Juízes e autoridades dos Estados Unidos refletem sobre o que significa ser um empregado atualmente.
De tantas em tantas décadas, as normas que regulam as relações trabalhistas nos Estados Unidos passam por uma transformação profunda. Nos anos 1930, Franklin Roosevelt fez a balança pender em favor dos trabalhadores. Na década de 1980, Ronald Reagan tornou a reequilibrá-la, beneficiando os patrões. Duas novas decisões jurídicas abrem a possibilidade de que o equilíbrio esteja se modificando mais uma vez.

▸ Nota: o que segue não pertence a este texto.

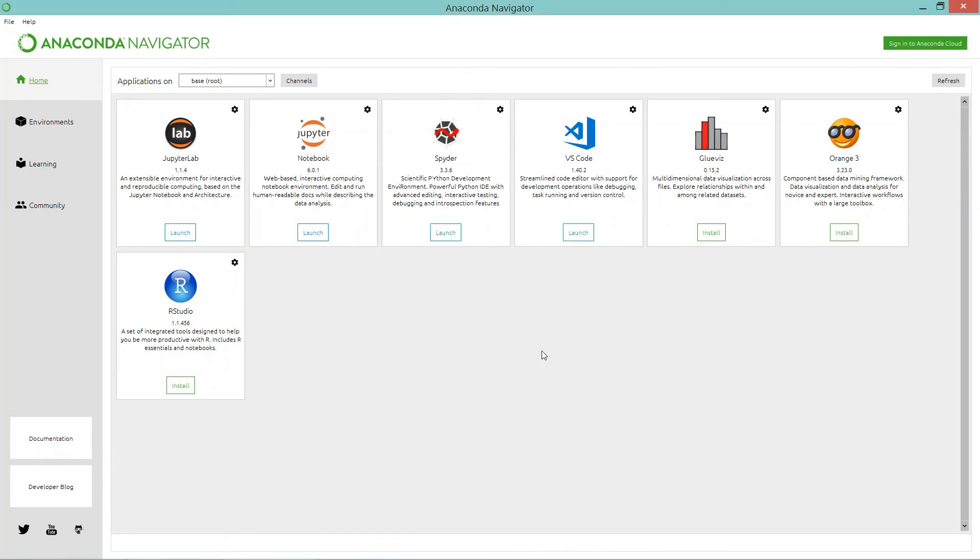So this is how we can install Anaconda Python Jupyter on our system. Thank you.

O NLRB, em cujo conselho há uma maioria democrata de 3 contra 2, vem adotando postura mais próativa desde 2011, quando ofereceu denúncia (ainda em análise) contra a Boeing, por conta da transferência de uma de suas linhas de produção de aviões para uma fábrica em que os funcionários não eram sindicalizados. O órgão também avalia a possibilidade de determinar que o McDonald’s seja empregador solidário dos funcionários de suas lanchonetes franqueadas. Em junho, a FedEx concordou em pagar US$ 228 milhões para encerrar uma ação movida por motoristas na Califórnia, que se queixavam de serem tratados pela companhia de remessas expressas como prestadores de serviço, e não como empregados. No mesmo mês, uma motorista do Uber obteve decisão favorável da agência que supervisiona as relações trabalhistas na Califórnia, estabelecendo que ela era, conforme sua reivindicação, uma empregada (o Uber recorreu da decisão).
No cerne de todos esses casos, jaz uma questão fundamental: o que significa atualmente ser um empregado num país como os Estados Unidos, cuja economia faz uso extensivo de empresas terceirizadas e franquias? Se obtiverem decisões desfavoráveis, empresas como o McDonald’s talvez tenham de repensar seus modelos de negócio. As companhias da economia “on demand”, que auxiliam quem trabalha como freelance a oferecer caronas, serviços de limpeza e entregas de refeições, possivelmente terão custos mais elevados e menos flexibilidade.
Os conflitos surgem em meio à insatisfação com o aumento da desigualdade e a estagnação salarial. Algumas empresas que atuam no segmento “on demand”, como o aplicativo de valets Luxe, e a Instacart, que faz entregas de compras de supermercado, estão contratando como empregados indivíduos que até agora eram seus prestadores de serviços. A Homejoy, empresa que oferece serviços de faxina, diz ter fechado as portas por culpa da incerteza em relação das leis trabalhistas.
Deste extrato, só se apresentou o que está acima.